Bruit de l'eau, régulier, rassurant. Elle s'écoule derrière le grillage.

Contemporain, le grand lavoir du déversoir. Laid. Reflets de barres rigides qui ondulent dans l'eau sale, ça fait penser à l'hôpital.

 

- Bonjour.

Un homme jeune étend son linge entre deux piliers.

- Non, j'aime pas les chats, va t'en!... (il fouillait dans mon sac!)

La fillette, elle, aime les chats, elle le prend dans ses bras, le lâche et se lèche les doigts. Ô le bon goût du chat!

 

ça y est, le linge flotte au vent. Fil de fer, comme autrefois. Mais, comme dirait Madame C. la vie de maintenant, c'est plus comme avant...

- Madame!

La fillette m'offre une fleur de plastique, "c'est pour décorer".

- Ah! Regarde le chat, il se roule par terre!

Rires.

Et moi je perds le fil.

...Jamais mon père quand j'étais enfant n'aurait étendu le linge...

Là, j'aimerais du temps pour évoquer le dur et beau et visage de ma mère.

Larmes.

 

Contemporain!

Facile à dire... Le bruit de l'eau, c'est celui de toutes les fontaines près desquelles je me suis assise, de toutes les rivières où j'ai couru pour me rafraîchir, de tous les torrents où j'ai vu jouer mes enfants, de toutes les sources dont on rêve quand la vie vous écrase; le grillage aujourd'hui brillant d'argent sous le soleil, rideau léger orchestrant l'espace, c'est celui, sinistre, de l'autre soir, quand, à cet endroit, j'ai rencontré l'homme qui cherchait un peu de chaleur humaine à la fraîche, dans les rues désertes de Lombez.

 

Par delà les losanges du grillage, un appentis, une porte de bois. Éblouie par le soleil...

- Va t'en, le chat!

Le même chat noir qui se frotte contre moi!

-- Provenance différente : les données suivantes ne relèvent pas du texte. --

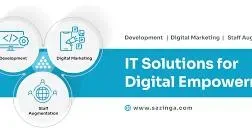Sazinga Digital Services Pvt. Ltd. In Pune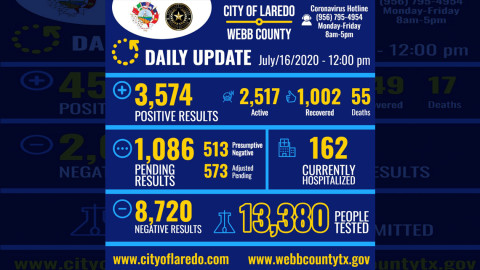 Confirman 201 nuevos casos de COVID-19 en Laredo, Tx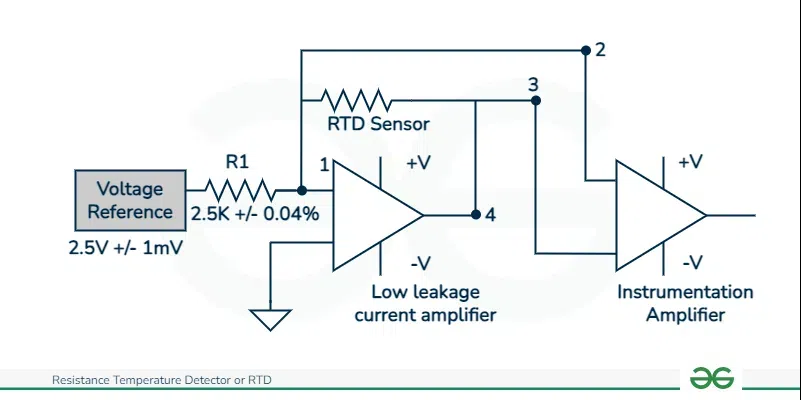 Circuit for signal conditioning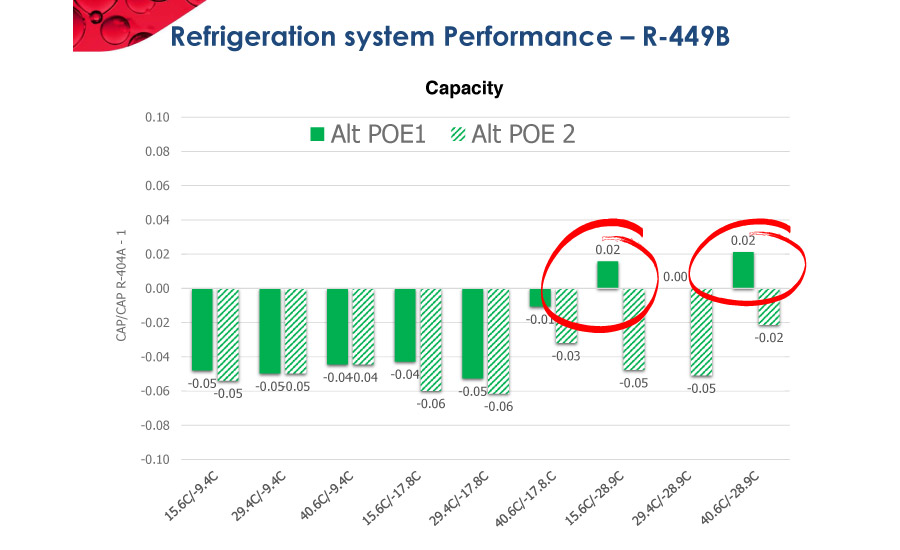 Refrigeration Oil Compatibility Chart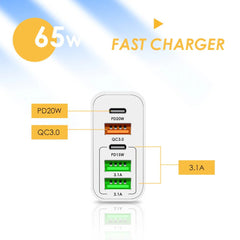 65 W 5-Port USB PD-Ladegerät, Schnelllade-Wandadapter, EU-Stecker für iPhone-, Samsung-, Redmi-, Oppo-Geräte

...éblouie par le soleil, je peux croire que c'est un de ces vieux portillons de bois que j'aimais tant, bois devenu gris sous les intempéries, souvent branlants, qu'on appelait "pas" dans mon village. "N'oublie pas de refermer le pas du jardin!"

 

Depuis, j'ai fait bien du chemin, pas en avant, pas en arrière

(1, 2 3 4 , on comptait jusqu'à 10. "Combien de pas? " Les enfants jouent-ils encore à ça?)

Mais j'avance, n'est-ce pas? Pas de mouche ou pas de géant?

Non, ce n'est pas une autobiographie, pas des souvenirs d'enfance, allons, Geneviève, sois dans l'instant!

Pourtant, c'est bien le lieu, un déversoir, pour s'épancher.

 

Dans cet espace chargé d'histoire - une fenêtre à meneaux à ma gauche- le monde contemporain est bien présent: porte de garage bien repeinte, grille bleue assortie (celle qui fait rugir Marie-Thérèse), derrière mois "Route barrée", là un carton éventré qui fait le bonheur du chat.

 

J'aurais voulu parler encore des reflets mouvants sur la charpente de bois, de l'ombre du linge qui flotte en contrebas....

Mais j'ai rendez-vous avec Geneviève.